We have jurisdiction pursuant to 28 U.S.C. §1291. We review the denial of a Rule 60(b) motion for abuse of discretion. Budget Blinds, Inc. v. White, 536 F.3d 244, 251 (3d Cir. 2008). Walsh raises 14 issues on appeal, (Appellant's Br., pp. 2-5), including that the District Court abused its discretion in denying his Rule 60(b) motion, (id. pp. 56-58). Appellees argue that the District Court did not abuse its discretion in denying Walsh's motion, and that Walsh cannot "relitigate the substantive legal issues that were previously raised and addressed" in his prior appeal. (Appellees' Br., pp. 2-3.)
The only issue properly before us is the District Court's denial of Walsh's Rule 60(b) motion. The District Court concluded that Walsh's motion was untimely and meritless.

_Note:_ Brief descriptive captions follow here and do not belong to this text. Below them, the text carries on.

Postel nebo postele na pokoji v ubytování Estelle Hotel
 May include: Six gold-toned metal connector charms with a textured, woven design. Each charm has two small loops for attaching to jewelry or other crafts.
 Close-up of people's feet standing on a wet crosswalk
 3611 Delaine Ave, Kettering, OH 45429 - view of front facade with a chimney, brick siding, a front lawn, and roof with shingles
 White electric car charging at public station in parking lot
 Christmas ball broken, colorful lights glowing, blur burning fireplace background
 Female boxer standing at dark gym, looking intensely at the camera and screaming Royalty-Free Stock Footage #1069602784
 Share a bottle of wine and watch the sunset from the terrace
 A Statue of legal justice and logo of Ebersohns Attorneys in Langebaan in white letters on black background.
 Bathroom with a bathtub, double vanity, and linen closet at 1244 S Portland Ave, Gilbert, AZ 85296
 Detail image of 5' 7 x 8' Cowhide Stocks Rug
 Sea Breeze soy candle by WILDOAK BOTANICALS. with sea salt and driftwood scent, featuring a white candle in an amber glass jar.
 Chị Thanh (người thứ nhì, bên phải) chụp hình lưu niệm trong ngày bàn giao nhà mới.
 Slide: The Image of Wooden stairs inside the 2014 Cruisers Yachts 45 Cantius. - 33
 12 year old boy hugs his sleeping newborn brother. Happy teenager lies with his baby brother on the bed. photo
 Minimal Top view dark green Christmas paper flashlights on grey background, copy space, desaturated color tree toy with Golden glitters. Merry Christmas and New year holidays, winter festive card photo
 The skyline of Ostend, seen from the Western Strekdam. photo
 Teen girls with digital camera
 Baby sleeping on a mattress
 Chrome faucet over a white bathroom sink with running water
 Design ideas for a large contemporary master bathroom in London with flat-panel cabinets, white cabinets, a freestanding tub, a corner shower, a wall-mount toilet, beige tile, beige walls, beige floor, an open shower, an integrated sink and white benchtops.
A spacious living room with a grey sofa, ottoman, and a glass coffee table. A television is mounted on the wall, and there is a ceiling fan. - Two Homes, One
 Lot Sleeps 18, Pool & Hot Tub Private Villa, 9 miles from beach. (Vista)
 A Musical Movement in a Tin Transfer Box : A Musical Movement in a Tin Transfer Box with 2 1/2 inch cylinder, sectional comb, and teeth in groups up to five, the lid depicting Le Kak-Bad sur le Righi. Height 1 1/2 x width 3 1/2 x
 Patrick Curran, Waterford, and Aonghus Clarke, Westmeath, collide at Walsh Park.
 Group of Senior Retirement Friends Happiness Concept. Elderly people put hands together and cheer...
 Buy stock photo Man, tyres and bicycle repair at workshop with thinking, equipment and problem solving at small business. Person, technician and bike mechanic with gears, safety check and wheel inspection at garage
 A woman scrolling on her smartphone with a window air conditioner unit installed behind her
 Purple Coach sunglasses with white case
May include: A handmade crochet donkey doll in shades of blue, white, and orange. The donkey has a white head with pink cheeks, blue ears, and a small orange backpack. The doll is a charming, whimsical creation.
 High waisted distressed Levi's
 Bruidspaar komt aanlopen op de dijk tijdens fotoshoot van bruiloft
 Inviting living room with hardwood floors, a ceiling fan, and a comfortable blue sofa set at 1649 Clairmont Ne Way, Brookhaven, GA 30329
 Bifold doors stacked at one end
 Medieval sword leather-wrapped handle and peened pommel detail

Motions filed pursuant to Rules 60(b)(2) and (3) must be filed "no more than a year after the entry of judgment or order or the date of the proceeding." Fed. R. Civ. P. 60(c)(1). The District Court entered final judgment in Walsh's case on June 10, 2008, and he filed his motion to reopen it five years later. Furthermore, though Rule 60 does not undermine a district court's authority to set aside a judgment for fraud upon the court, see Fed. R. Civ. P. 60(d)(3), the District Court determined that "Walsh has not set forth a scintilla of evidence indicating any fraud on the court." (Dkt. No. 311, p. 5.) We agree. We perceive no abuse of discretion in the District Court's denial of Walsh's motion as untimely. See Moolenaar v. Gov't of V.I., 822 F.2d 1342, 1348 (3d Cir.1987).
Even if we considered November 2, 2009, the date on which the Supreme Court denied certiorari, as the final judgment date, we could not say that Walsh filed his Rule 60(b) motion within a reasonable time.
Nor did the District Court abuse its discretion in denying his motion as meritless. His alleged new evidence was not material, and it would not have changed the outcome of the case, as it did not demonstrate that any of the defendants were personally involved in the purported break-ins to Walsh's home. See Compass Tech., Inc. v. Tseng Labs., Inc., 71 F.3d 1125, 1130 (3d Cir. 1995). For the foregoing reasons, we will affirm. Appellant's request for oral argument is denied.
Similarly, Walsh's supplemental evidence, wherein he claims that General Jones was stalking him and his sons on May 17, 2014, does not prove that any of the defendants broke into his home.